Objectives: The objective of this study was to uncover latent categorical and/or dimensional clinical features of individuals with ASD, and to examine whether these features may disattenuate the correlation between biomarkers and the severity of clinical symptomatology.

Methods: We apply a self-supervised neural network architecture, the denoising autoencoder, to item-level scores from individuals with ASD on the Autism Diagnostic Interview-Revised, Social Responsiveness Scale, and Repetitive Behavior Scale-Revised, as well as v-scale scores from the Vineland-II Adaptive Behavior Scales. Input data was normalized for age and IQ, to increase variance related to atypical clinical symptomatology. Data from the Simons Simplex Collection (SSC; n=2329 in this analysis) was used to optimize the model through internal cross-validation. Generalization was assessed on a large holdout dataset (EU-AIMS LEAP; n=334 in this analysis).
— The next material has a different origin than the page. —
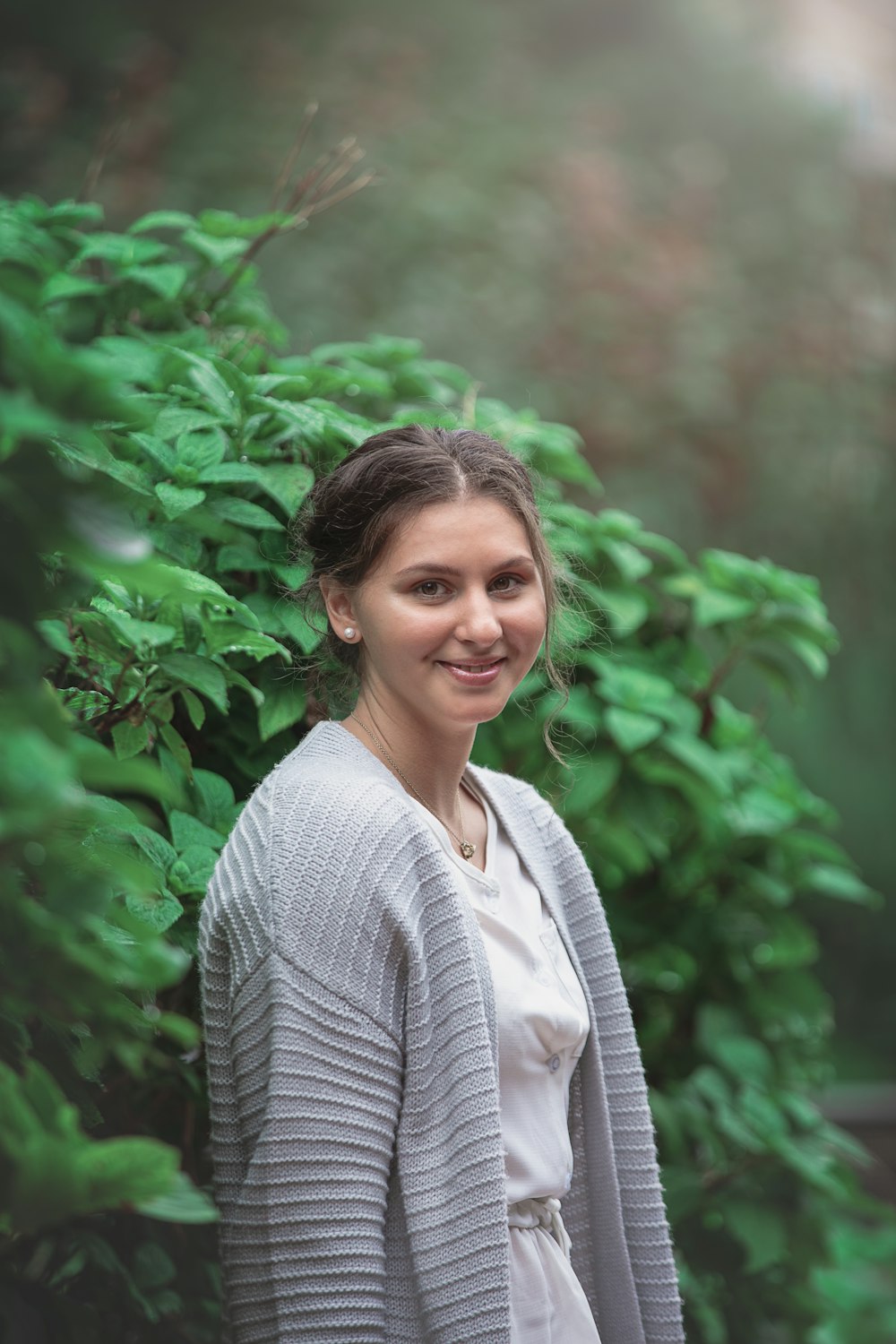 woman in gray and white striped cardigan standing near green plants during daytime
Results: Our machine learning approach showed good cross-validation performance when item-level scores were compressed to 9 latent features. The model showed minimal overfitting when applied to the holdout dataset, EU-AIMS LEAP. Nine dimensions sufficed for reconstructing up to 85% of the variance in item-level scores, and never reconstructed less than 5% of the variance for any IQ- and age-adjusted item. Moreover, 2 subgroups of individuals with ASD could be reliably extracted from these 9 features, with one subgroup showing a statistically-significant pattern of increased severity across multiple domains (social responsiveness, repetitive behavior and sensory interests, inattentiveness symptoms, gastrointestinal symptoms, the presence of non-febrile seizures, and difficulties with sleep) but, notably, not full-scale IQ. Correlations between neuropsychological performance and clinical severity were (as a whole) larger within this highly-affected subgroup.

Conclusions: Modern machine learning techniques enable the extraction of both continuous and categorical differences among individuals with ASD. Failing to account for these sources of heterogeneity may attenuate the correlation of biomarkers and associated neuropsychological tests with measures of clinical severity.